Criticism of what I describe here is WELCOME!!! Please, lets dissect this, tear it apart, and make it better.   The good news is: I think I am getting control of diameters, +/- 0.0001" (tenths), on my ancient, worn out Atlas 10F lathe.  I also learned something very important about manual lathes...




					www.hobby-machinist.com
				




This thread seems to disagree with your math. But it could be that I'm misusing a word that changes the whole meaning of my statements. Curious.


----------



## rock_breaker (Dec 7, 2021)

Hello Keven T. The mounting brackets I would (will sometime) make would be for a 4way tool holder to fit my Enco 13x40 lathe. It would have three pieces, the base to be clamped in the  4way , two 1/2" thick arms perpendicular to the lathe ways and having 1.250" holes bored. The 1.250" holes would be made to clamp the 1.250" boring bar. Different size holes would require different size arms or possibly split bushings. Clear as mud, right". Will try to  make a sketch.
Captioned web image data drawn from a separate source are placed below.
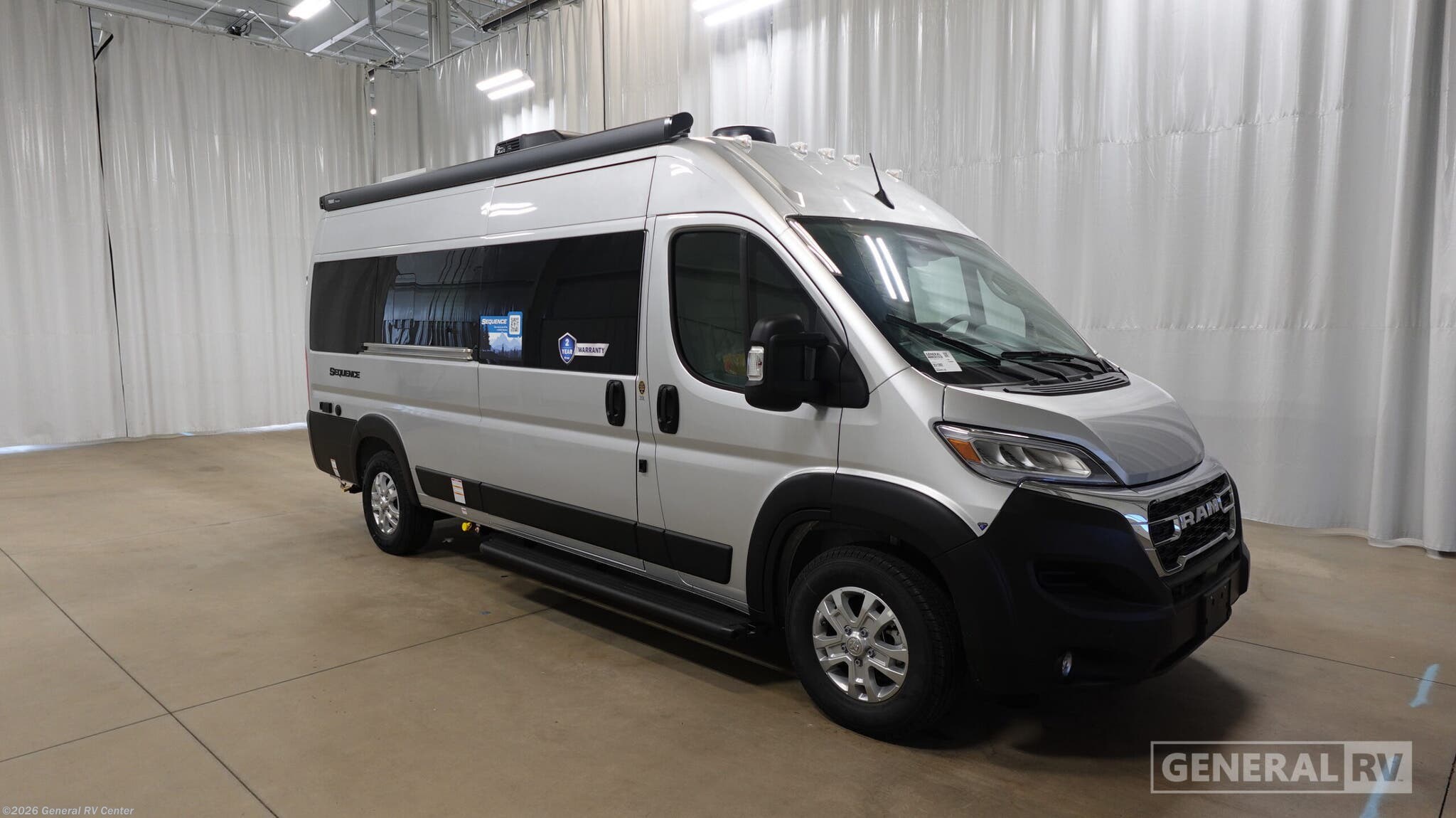 New 2027 Thor Motor Coach Sequence 20L available in West Chester, Pennsylvania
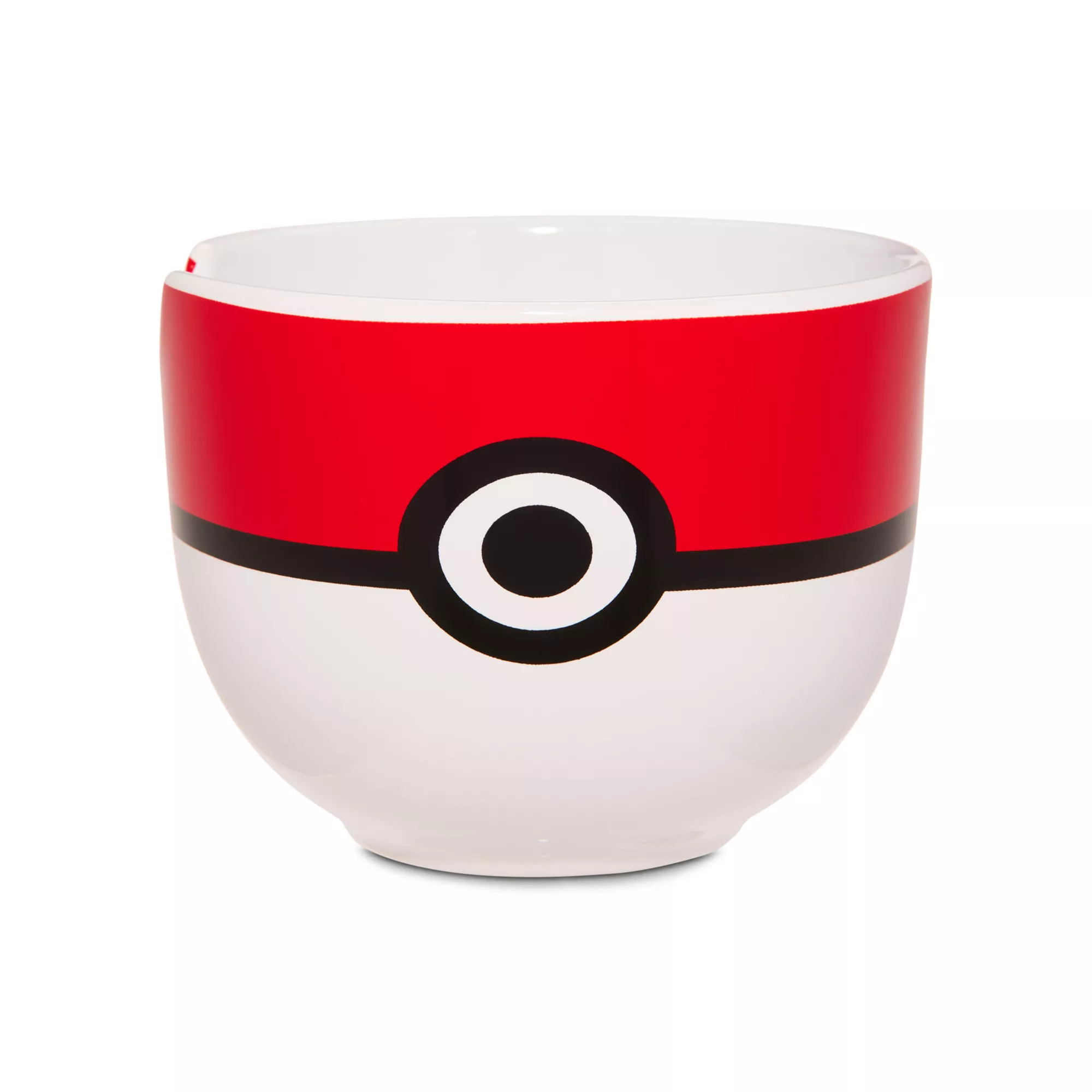 Pokémon Poké Ball Bowl with Chopsticks at Spencer's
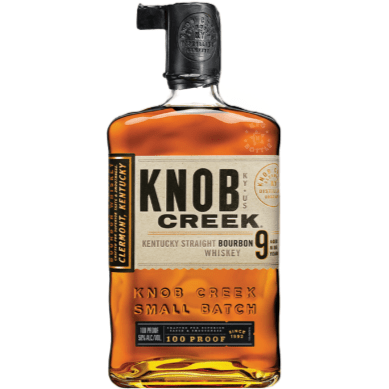 Knob Creek 9 Year 100 Proof Kentucky Straight Bourbon (750ml)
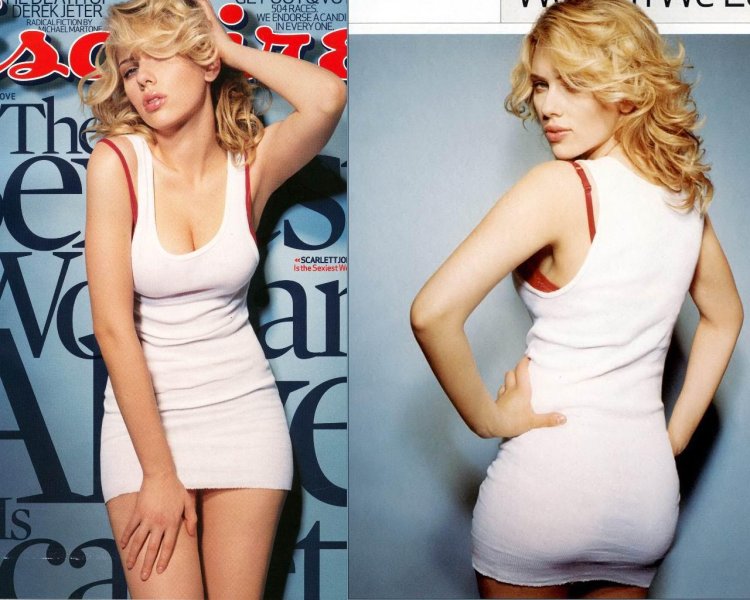 Scarlett Johansson in Nizhny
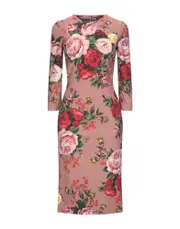 [DOLCE&GABBANA] DOLCE & GABBANA Midi dresses - Item 15024356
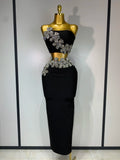Flower Diamonds Two Piece Set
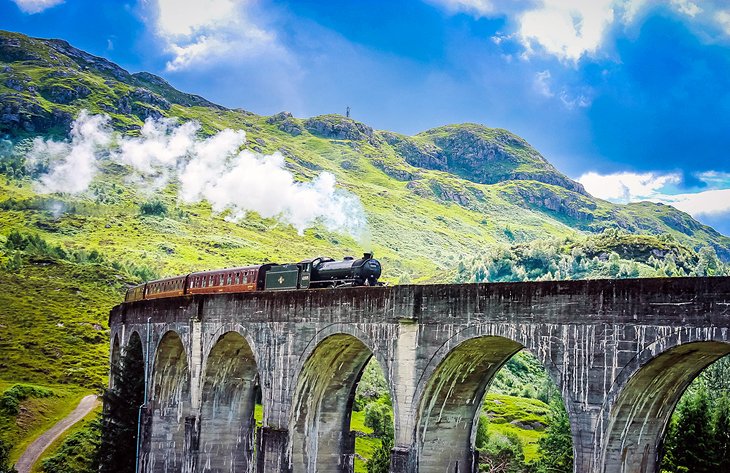 Jacobite Steam Train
From your picture I think my clausing is near the same size, really a bit small for a 1.250" boring bar unless it was made to replace the compound rest. Probably not a good way to cut threads.   
Have a good day
Ray


----------



## Kevin T (Dec 7, 2021)

rock_breaker said:


> Hello Keven T. The mounting brackets I would (will sometime) make would be for a 4way tool holder to fit my Enco 13x40 lathe. It would have three pieces, the base to be clamped in the  4way , two 1/2" thick arms perpendicular to the lathe ways and having 1.250" holes bored. The 1.250" holes would be made to clamp the 1.250" boring bar. Different size holes would require different size arms or possibly split bushings. Clear as mud, right". Will try to  make a sketch.
> 
> From your picture I think my clausing is near the same size, really a bit small for a 1.250" boring bar unless it was made to replace the compound rest. Probably not a good way to cut threads.
> Have a good day
> Ray


I do have a CXA-41D that can hold it but I found a special cutter in my pile that I think will work. Your offer to help is really appreciated though. I use that holder with a double sided adapter to run 1/2 and 3/4 dia tooling or stock so I didn't recall the major ID. My lathe is a 16" x 6' FYI.


----------



## Kevin T (Dec 8, 2021)

rock_breaker said:


> Hello Keven T. The mounting brackets I would (will sometime) make would be for a 4way tool holder to fit my Enco 13x40 lathe. It would have three pieces, the base to be clamped in the  4way , two 1/2" thick arms perpendicular to the lathe ways and having 1.250" holes bored. The 1.250" holes would be made to clamp the 1.250" boring bar. Different size holes would require different size arms or possibly split bushings. Clear as mud, right". Will try to  make a sketch.
> 
> From your picture I think my clausing is near the same size, really a bit small for a 1.250" boring bar unless it was made to replace the compound rest. Probably not a good way to cut threads.
> Have a good day
> Ray



Do you mean like this vintage Willaims unit?


----------



## Kevin T (Dec 9, 2021)

Got past the hump of the collar project! It was a precarious setup without a good boring bar but I found an old lantern tool that did the job. i had to shim it in the tool holder because the shank wasn't square!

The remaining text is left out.